American football is a beautiful sport. There’s a tremendous amount of grace that goes into it. For a moment, men can fly; the highlight reels are spectacular.

It can also be horrific — like watching someone get hit by a car.

Since the season started, there have been more than 280 concussions in the NFL. That is an average of 12 concussions per week. Though it claims to take head injuries very seriously, the National Football League holds this data relatively close. It releases yearly statistics, but those numbers are published in aggregate, making it difficult to glean specific insights.

I have been tracking these injuries all season. Using a variety of methods, including reviewing daily injury reports from NFL.com, I have created what I believe is the most complete dataset of individual concussions sustained during the 2017-2018 season.

The resulting film, “Concussion Protocol,” is a visual record of every concussion in the NFL this year.

This film does not make an argument for ending football. Rather, it invites a set of questions. In the spirit of Saidiya Hartman, I am interested in “defamiliarizing the familiar.”

When we watch American football, what are we seeing?

By cutting together only these scenes of injury — moments of impact, of intimacy, of trauma — and reversing them, I hope to open up a space to see some of this violence anew.

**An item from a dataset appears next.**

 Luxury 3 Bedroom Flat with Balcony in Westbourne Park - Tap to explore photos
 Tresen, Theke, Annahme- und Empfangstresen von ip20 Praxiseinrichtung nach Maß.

In his recent book “Black and Blur,” Fred Moten asks, “What is it to rewind the given? What is it to wound it? What is it to be given to this wounding and rewinding?”

Representing this series of collisions in reverse — and in slow motion or “dragged time” — I hope to make strange what has for many of us become normative: the spectacular, devouring moment of a football hit that knocks a player out cold.

Rather than making a film about concussions with a flurry of hard hits, however, I am interested — inspired by Hartman — in looking elsewhere. How might we see the totality of this violence without just replaying the violence itself? “By defamiliarizing the familiar,” Hartman writes in “Scenes of Subjection,” “I hope to illuminate the terror of the mundane and quotidian rather than exploit the shocking spectacle.”

In a moment when black athletes are being chastised for kneeling in protest of police violence, it should not be lost on us that calls to “get back on the field” or “stick to football” are also calls for players to subject themselves to the slower forms of violence the football field contains.